Clarifying his stance, Miller added, “I’m not a recreational marijuana [advocate], but if someone has a condition that this chemical will help, they should be able to use it.”
Indeed, possessing and/or puffing pot for pleasure remains foolishly illegal in the home state of Willie Nelson, the Butthole Surfers, and Wiz Khalifa’s weed-themed restaurant, Hotbox by Wiz.
Texas’s “medical marijuana program” (if you can even call it that) remains one of the nation’s most stringent in terms of qualification requirements and product potency, with THC capped at no more than 0.5 percent.
Still, as noted, cracks are forming in the Lone Star State’s hardline stance on weed as of late.
After the USDA legalized growing and processing hemp in 2018, Texas followed suit the following year and issued its first cultivation licenses in 2020. During his facility tour, Miller announced that, to date, more than 5,000 acres of hemp have been planted in Texas by more than 1,000 licensed farmers.

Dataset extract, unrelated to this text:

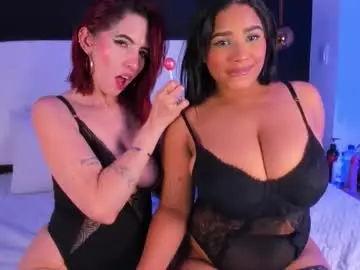 Chaturbate Live Sex Cam of aixa_hill1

State data released last week also reported that weed arrests in Texas have declined by 30 percent between 2018 and 2019. Prosecutions have even dropped by more than half in the wake of hemp’s approval, mostly because cops can’t visually tell the difference between weed and hemp.
Texas’ medical marijuana regulations have similarly lightened up. At first, doctors could only prescribe cannabis to patients with epilepsy. Last year, Gov. Greg Abbott signed a bill that expanded allowable conditions to include amyotrophic lateral sclerosis, autism, multiple sclerosis, spasticity, and terminal cancer.
In 2019, the Texas House of Representatives voted 98-43 in favor of a proposal that would reduce the penalty for possession of an ounce or less to a $500 maximum fine and no jail time. Unfortunately, the measure has since been stalled in the Senate by Republicans who apparently refuse to abide by democracy.
Allowing Texans access to the weed they want has been a long time coming. A poll conducted back in 2017 found 83 percent of state residents supported cannabis policy reform, with 53 percent coming out for full legalization.